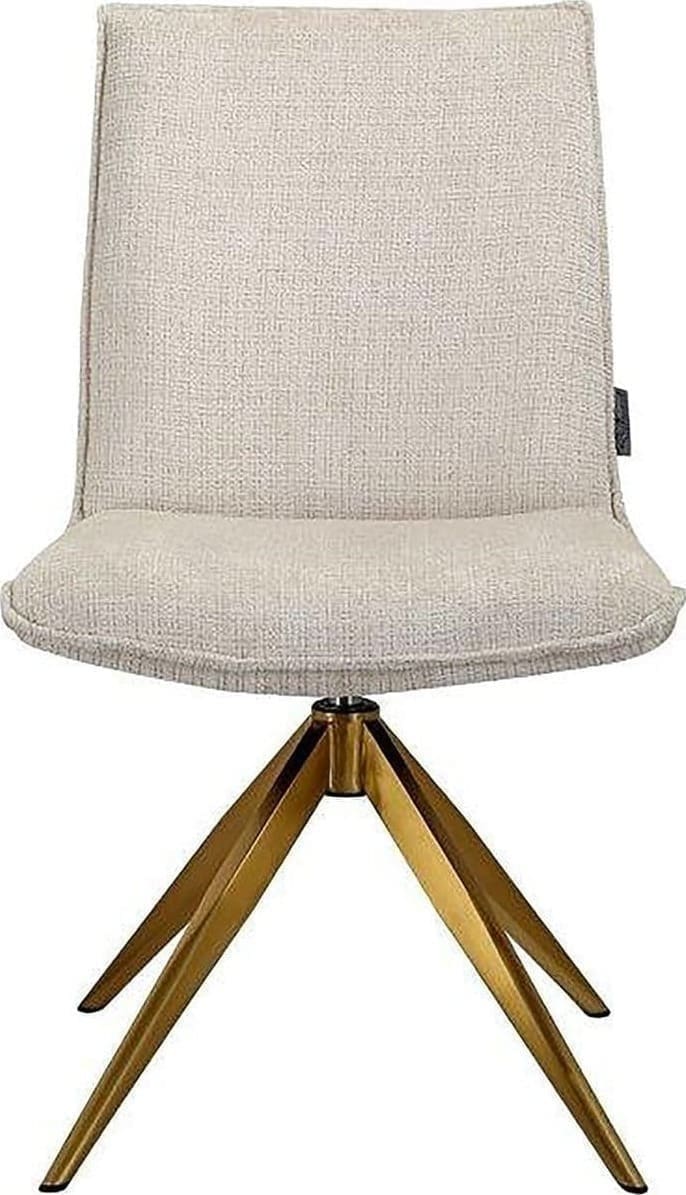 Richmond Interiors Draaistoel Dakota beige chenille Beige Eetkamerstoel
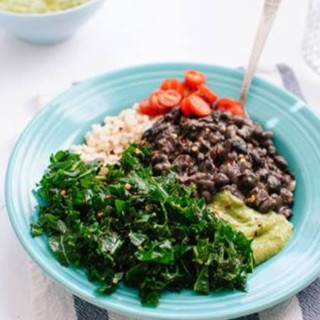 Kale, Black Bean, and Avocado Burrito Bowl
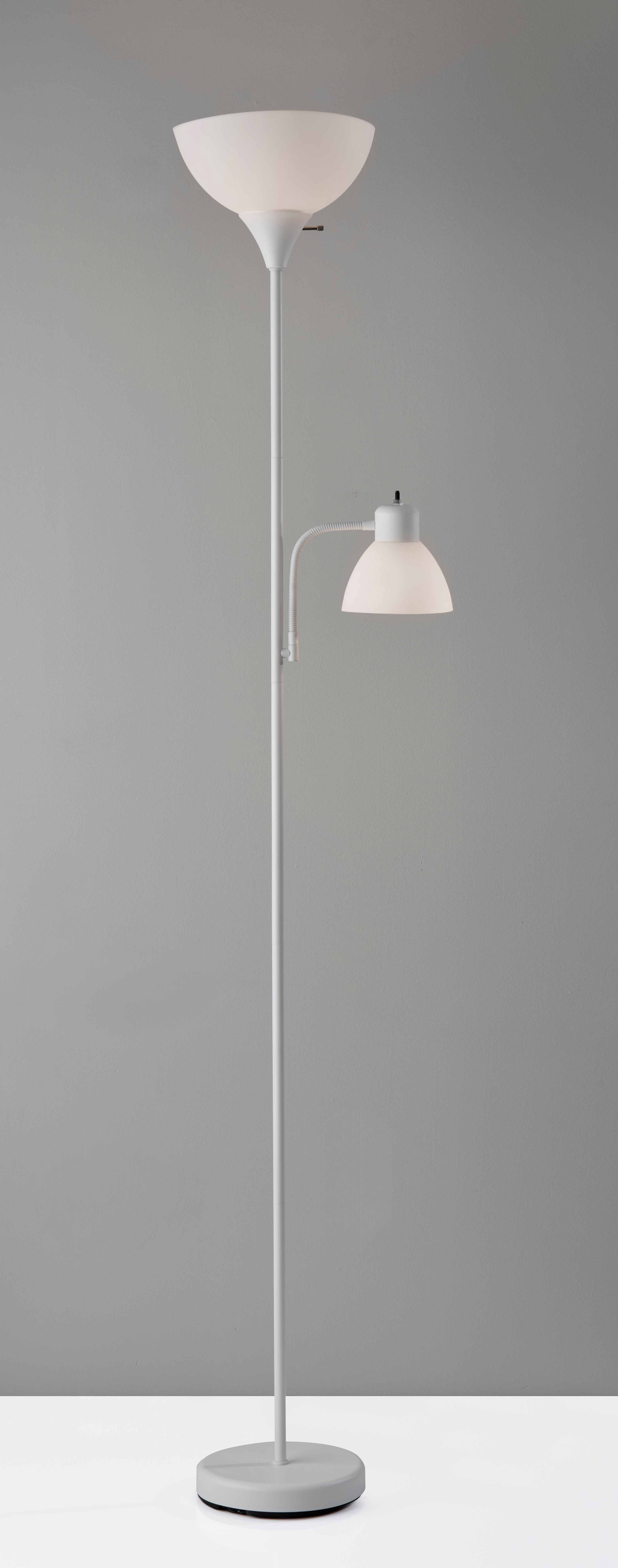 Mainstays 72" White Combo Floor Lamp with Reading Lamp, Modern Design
═══
■ WHAT YOU ARE ASKED TO DO: Where the material contains pictures, leave them out and copy the rest verbatim.

■ WRITTEN REPLY:
 Richmond Interiors Draaistoel Dakota beige chenille Beige Eetkamerstoel
 Kale, Black Bean, and Avocado Burrito Bowl
 Mainstays 72" White Combo Floor Lamp with Reading Lamp, Modern Design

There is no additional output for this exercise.